Or, il n’y a pas de moyen plus sûr pour s’aveugler que la rivalité mimétique. Elle rend aveugle à l’aberration des moyens techno-économiques qu’elle emploie, légitime et promeut, elle rend aveugle à leur démesure : ils semblent si évidents, si normaux, si désirables, puisque c’est la puissance des concurrents dominants qu’on cherche à égaler,… lesquels répliqueront par quelque coup faramineux, dans une spirale sans fin.

A-t-on vu plus démesuré que les gigantesques manœuvres financières de ces vingt dernières années, les méga-fusions de multinationales, les rachats tonitruants par des fonds de pension, les investissements spéculatifs monstrueux… ? Phénomènes proprement capitalistes, il est vrai, mais aiguillonnés par cette rivalité mimétique, à laquelle la pensée et les forces politiques de gauche n’échappent pas, non plus.

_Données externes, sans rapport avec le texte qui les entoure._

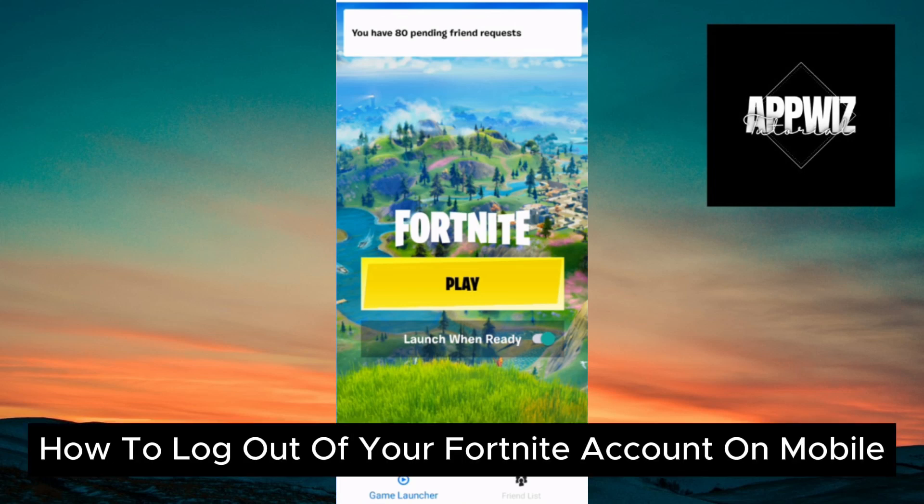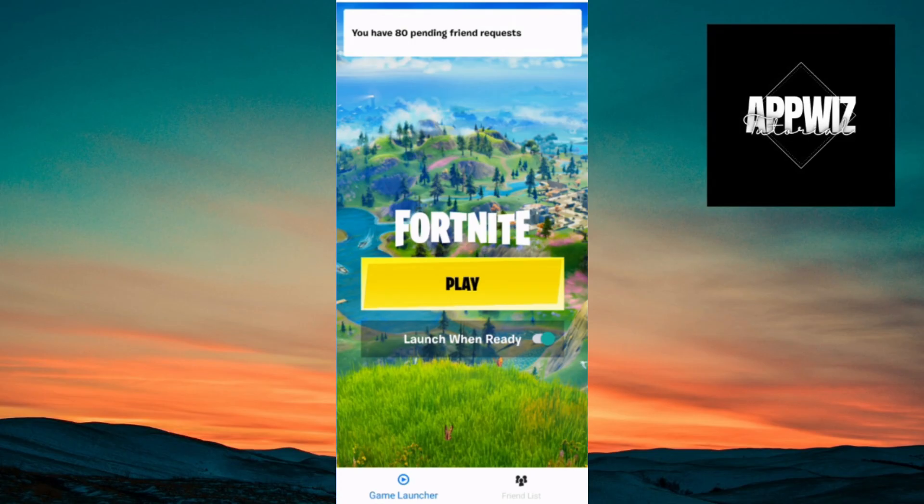How to log out of your Fortnite mobile account. This is a step-by-step guide, so you should be able to follow easily. Now with the new update, we can go ahead and log out of our account much faster.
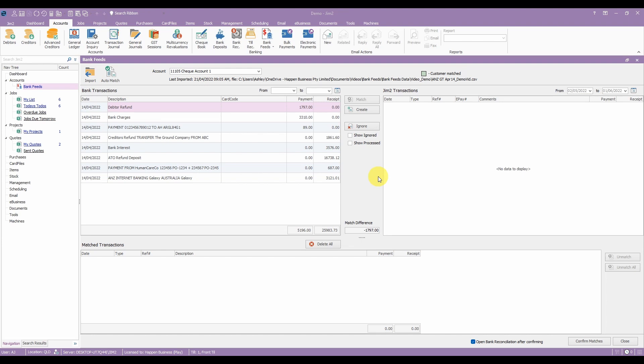It will also allow you to settle payments received via payment gateways like Tyro, e-way and Payrix. We've already created a video on bank feeds to help you learn more about how to set this up and use this feature.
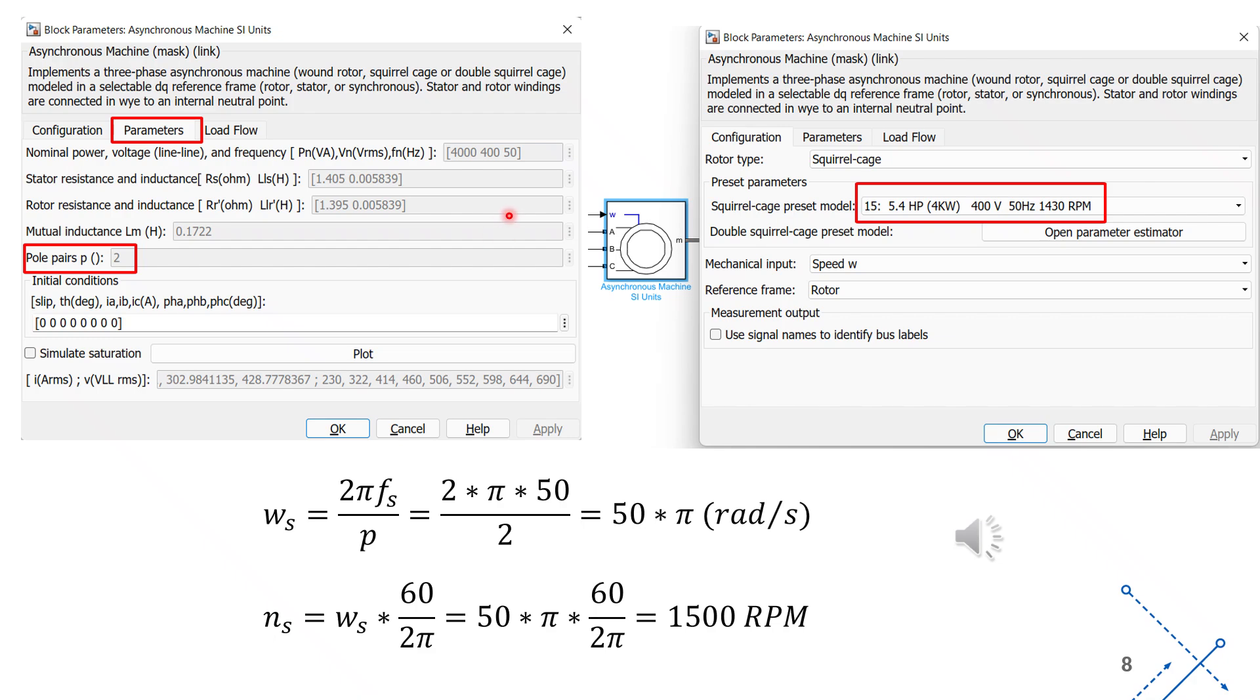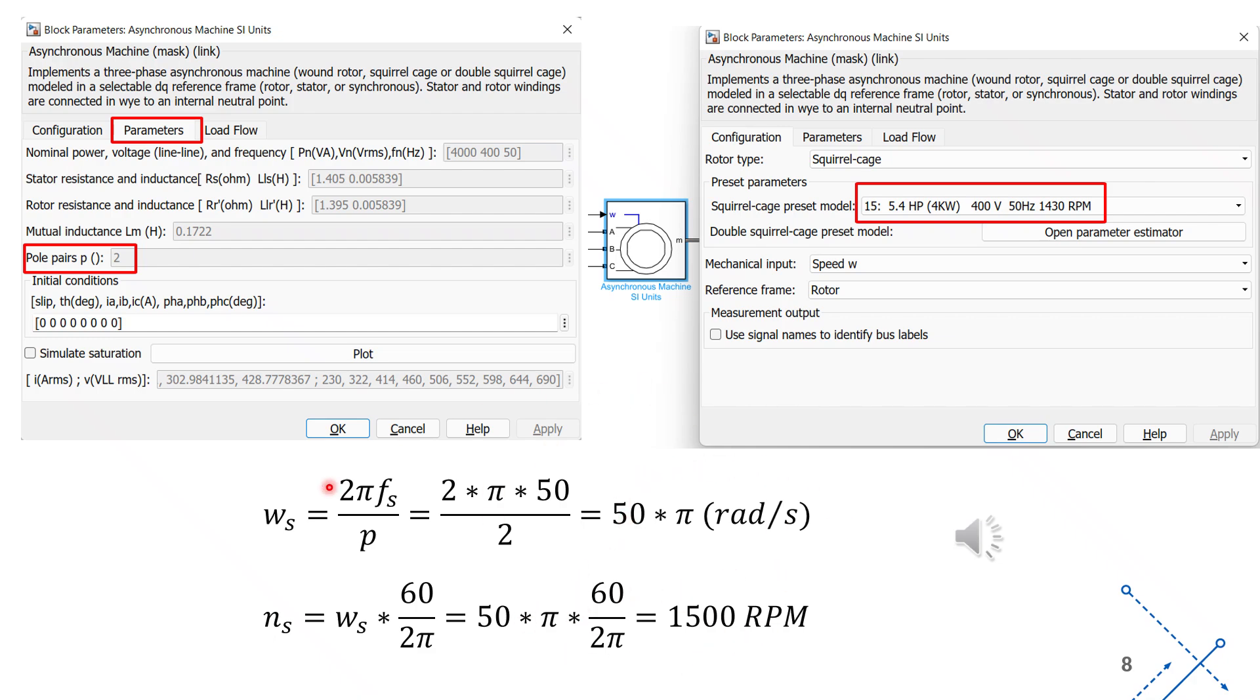To configure the parameters of the ramp block, we first review the parameters of the motor. In the parameters section, we can see that the number of pole pairs is 2, and the supply frequency applied to the stator is 50 Hz. From these values, we can calculate the synchronous angular speed in radians per second and the synchronous speed in revolutions per minute. The formulas for these calculations are shown on this slide.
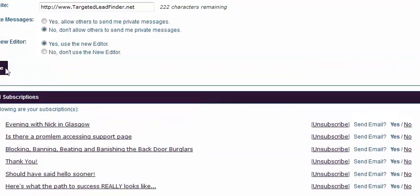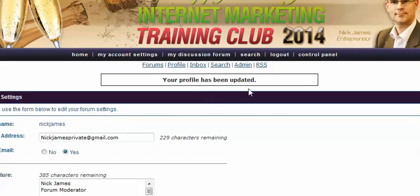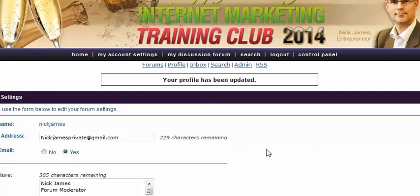And then go and click on save. So the limitations are you have to set out the parameters of what it is you're recording to start with. There's no zoom functions, there's no edit functions, so it's quite a simple little program, but fantastic for recording answers in a forum, for example.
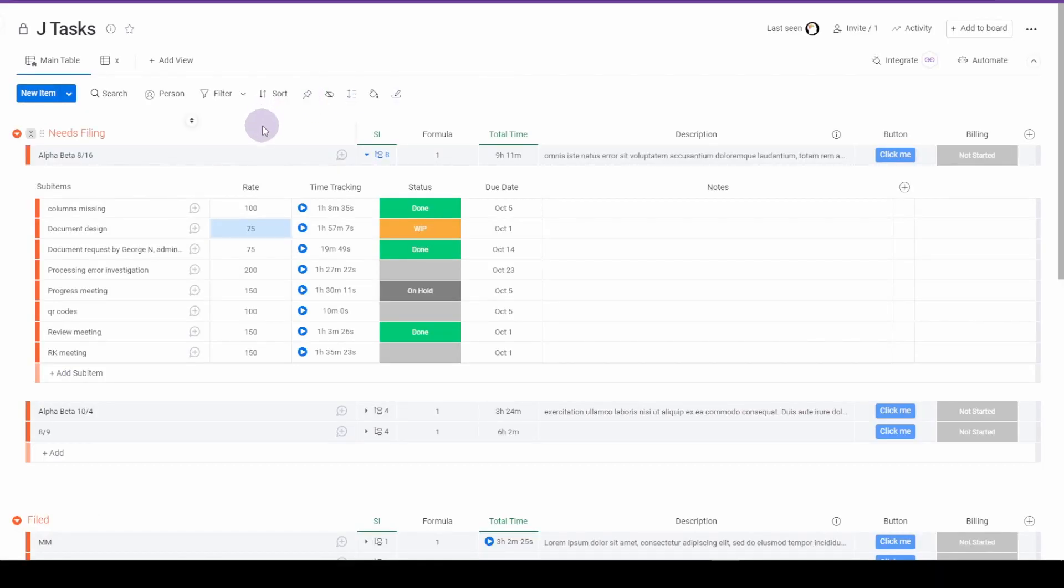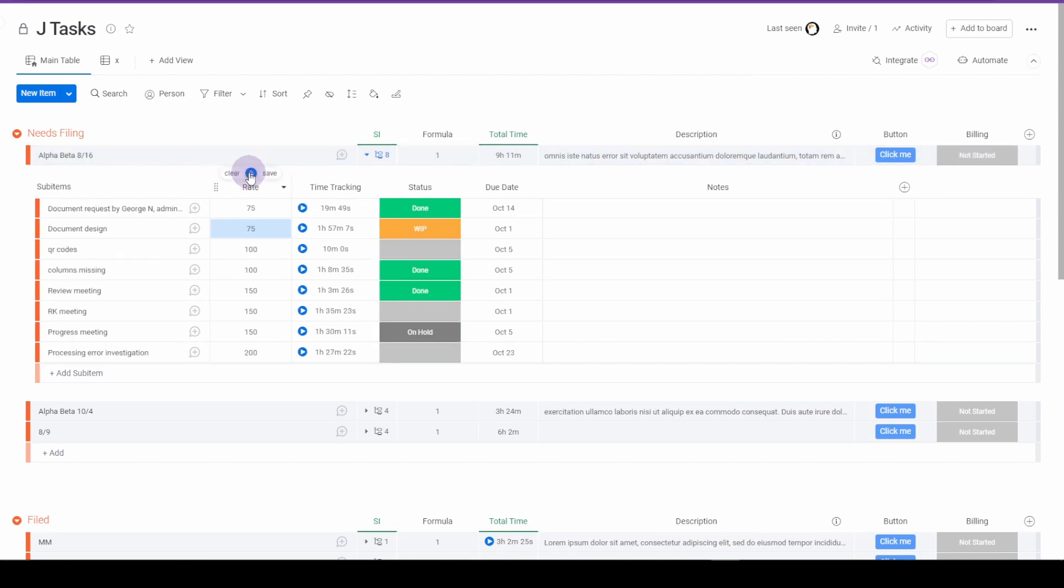So here we are on our board. We can now sort subitems. Click on this sort icon. If I click it again, it changes to descending.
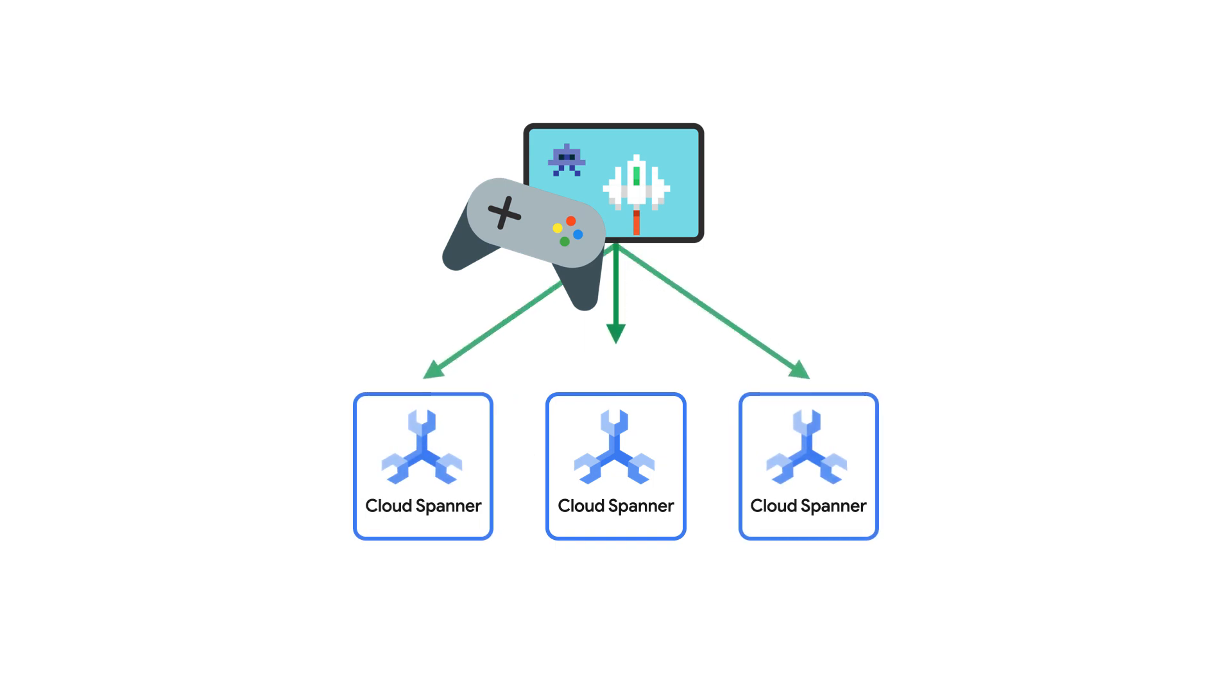Spanner is able to guarantee strong consistency of your data by utilizing ACID transactions and leveraging a distributed clock called TrueTime to guarantee ordering of commits even across geographic locations.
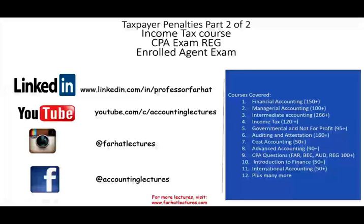Hello and welcome to this session. This is Professor Farhad, and in this session we would look at Taxpayer Penalties, Part 2 of 2. This topic is covered in an income tax course, the CPA exam regulation section, as well as the enrolled agent exam.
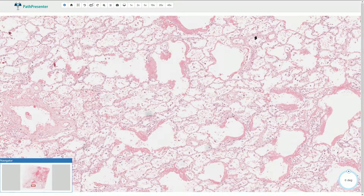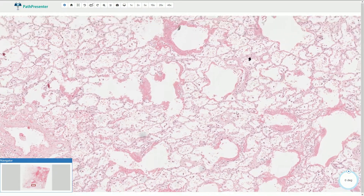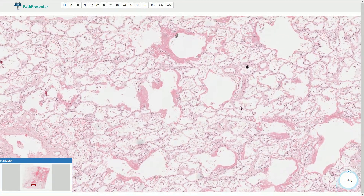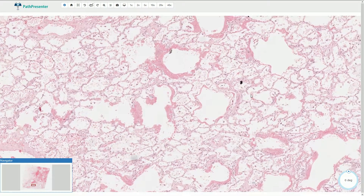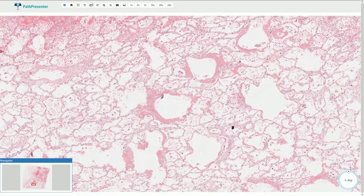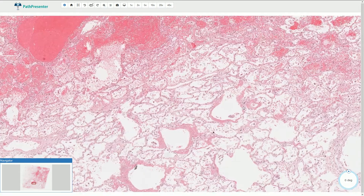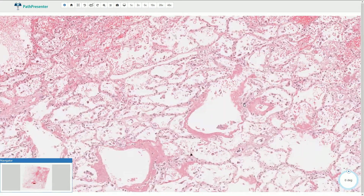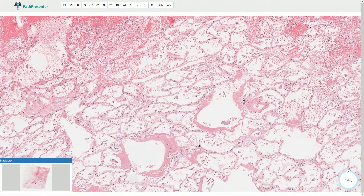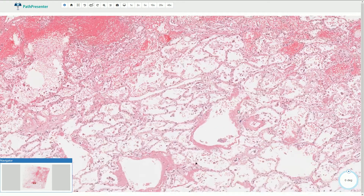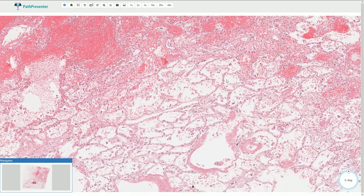I have already done a video about ARDS and diffuse alveolar damage, so I recommend to watch it. Let's find out what is the cause of diffuse alveolar damage in this case.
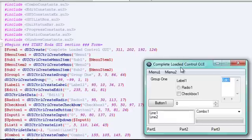In this tutorial, I'm going to go over a loaded GUI with the complete most commonly used controls.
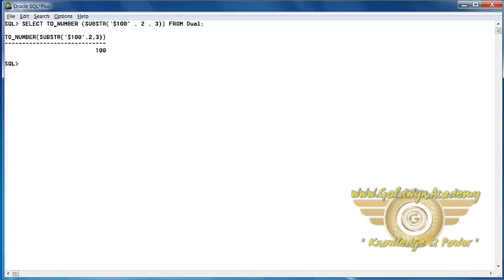Next function is ToChar that we'll use in number conversion and date conversion. First, we will see how it works in number conversion. In number conversion,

Une rivalité laissée à son libre cours et qui repousse toujours plus loin les limites de la puissance des moyens techno-économiques à acquérir pour rattraper ou distancer les concurrents.

Le libéralisme, néo- ou ultra-, n’a fait que relancer de manière plus brutale et sauvage la course à la puissance, le culte de la démesure propre à la modernité « industrialiste ». Et sous les extravagances désastreuses du libéralisme débridé, cette démesure continue à produire ses effets chaotiques et à nous acheminer vers une impasse, comme j’ai essayé de le montrer.

La « stratégie du choc »

Ouvrons une parenthèse. Par souci de vérité, on ne peut pas passer sous silence ici - bien que ce ne soit pas l’objet de ce livre – que si le capitalisme a réussi à triompher au cours de ces dernières décennies sous sa forme la plus dure et brutale, c’est aussi en raison d’une stratégie offensive et obstinée de l’école ultralibérale de Chicago et de ses émules : profiter de manière habile mais sordide de coups d’État sanglants, meurtriers, qui ont paralysé les réactions populaires, pour imposer des « réformes » drastiques qui n’auraient jamais été acceptées par les populations sinon. Naomi Klein en a magistralement reconstitué l’histoire, depuis le coup d’ État du général Pinochet au Chili en 1973, suivi par celui de la junte militaire en Argentine, jusqu’à l’utilisation des catastrophes climatiques, comme le cyclone Katrina à la Nouvelle-Orléans par l’administration de George W. Bush. Je ne peux que renvoyer le lecteur à la documentation impressionnante de son livre, La stratégie du choc. La montée d’un capitalisme du désastre [6].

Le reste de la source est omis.